--- EXTRACTED MATERIAL Enclosed Below ---

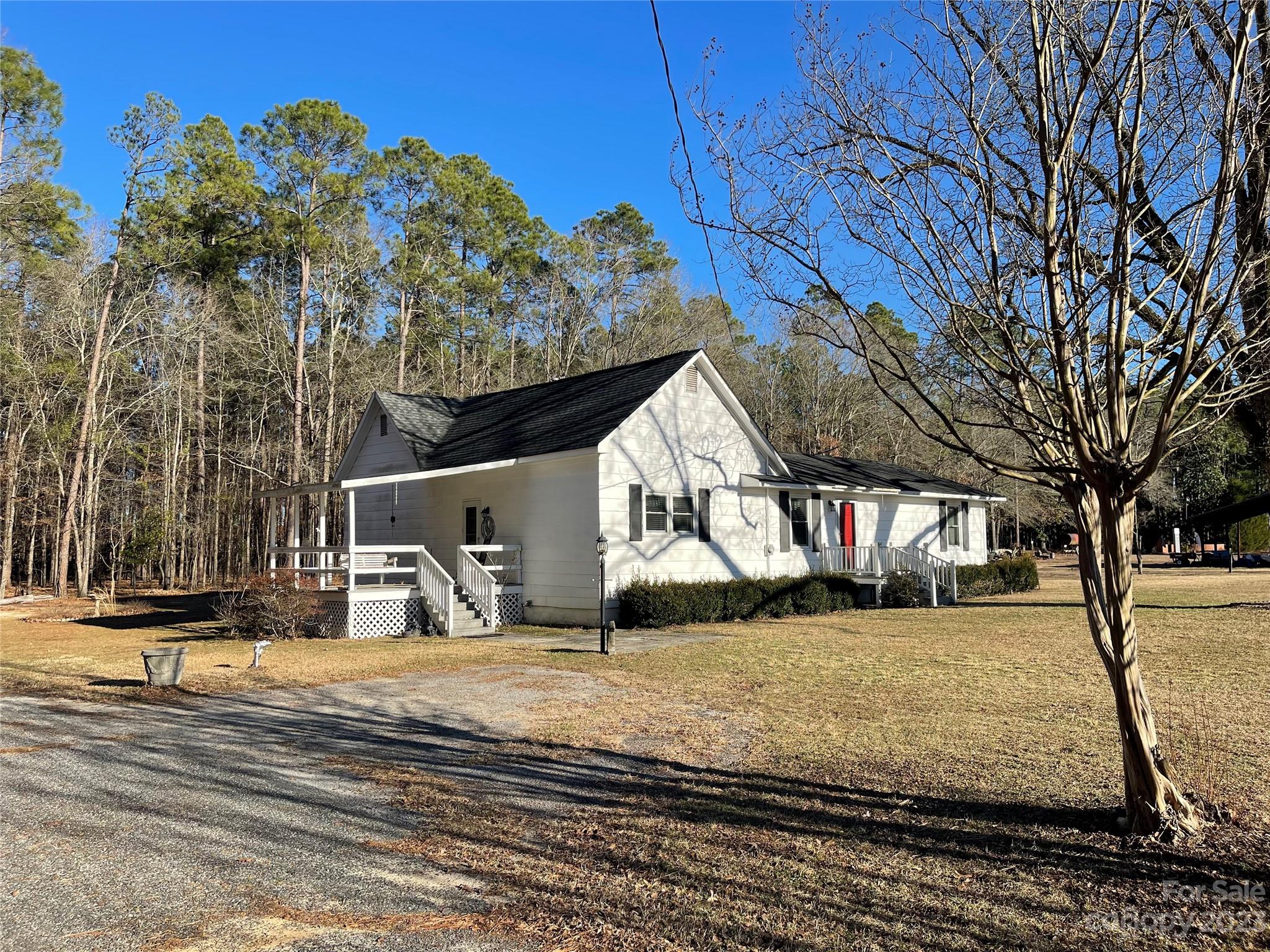 406 Fair Street Bethune, SC 29009 - Photo 1 of 28 a view of a house with snow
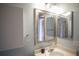Bathroom featuring vanity with sink and decorative mirror at 9927 Aftonwood St, Highlands Ranch, CO 80126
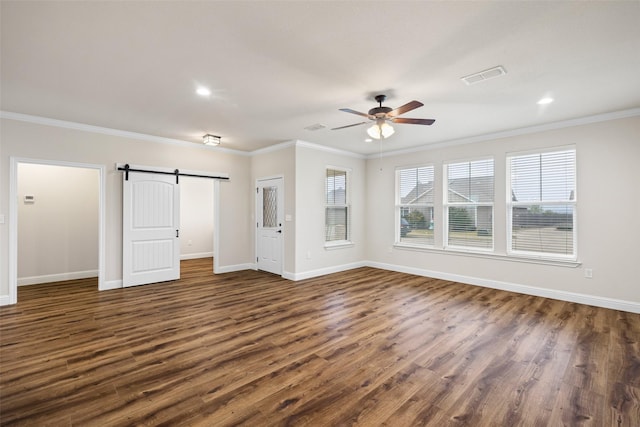 unfurnished living room with a barn door, ceiling fan, dark hardwood / wood-style flooring, and ornamental molding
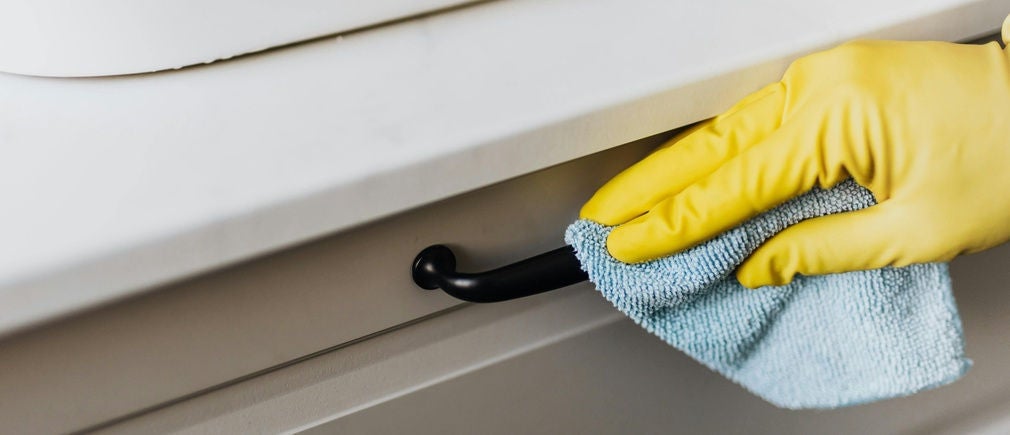 Main avec gant jaune nettoyant une poignée noire avec un chiffon microfibre bleu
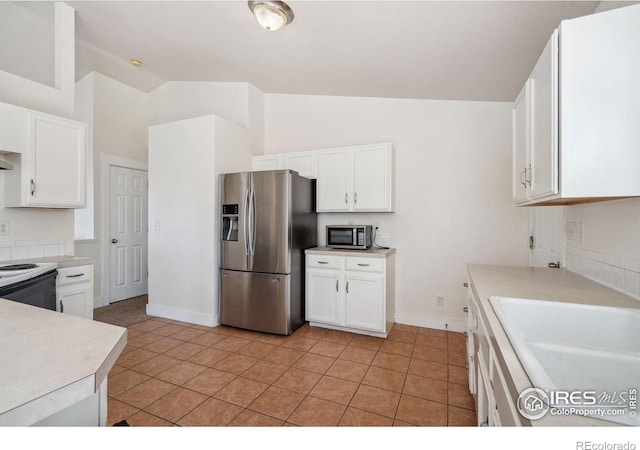 kitchen featuring white cabinets, appliances with stainless steel finishes, a sink, and vaulted ceiling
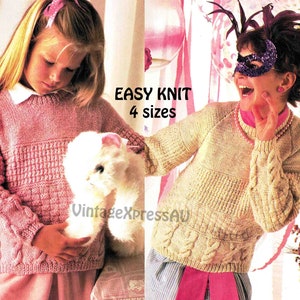 May include: Two girls wearing knitted sweaters. The girl on the left is holding a white stuffed animal. The girl on the right is wearing a mask and a pink headband. The text "EASY KNIT 4 sizes" is printed on the image.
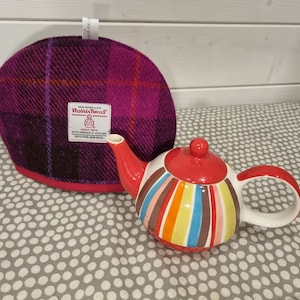 Op de afbeelding: Een rood-wit gestreepte theepot met een kleurrijk ontwerp. De theepot staat op een grijs-wit geblokt oppervlak. Een paars-rode geruite theepotwarmer is op de achtergrond te zien.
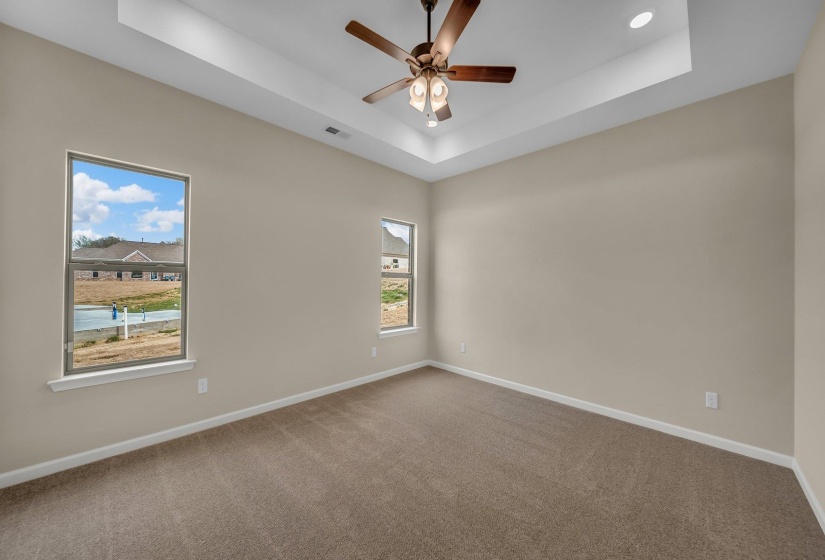 Unfurnished room featuring visible vents, carpet, baseboards, a ceiling fan, and a raised ceiling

--- End of Enclosed EXTRACTED MATERIAL ---

[EXERCISE DESCRIPTION] Leave the pictures out and repeat exactly the lines from the beginning of the records to the line bearing "unfurnished living room", both ends counted.

[ANSWER FOR THIS EXERCISE]
 406 Fair Street Bethune, SC 29009 - Photo 1 of 28 a view of a house with snow
Bathroom featuring vanity with sink and decorative mirror at 9927 Aftonwood St, Highlands Ranch, CO 80126
 unfurnished living room with a barn door, ceiling fan, dark hardwood / wood-style flooring, and ornamental molding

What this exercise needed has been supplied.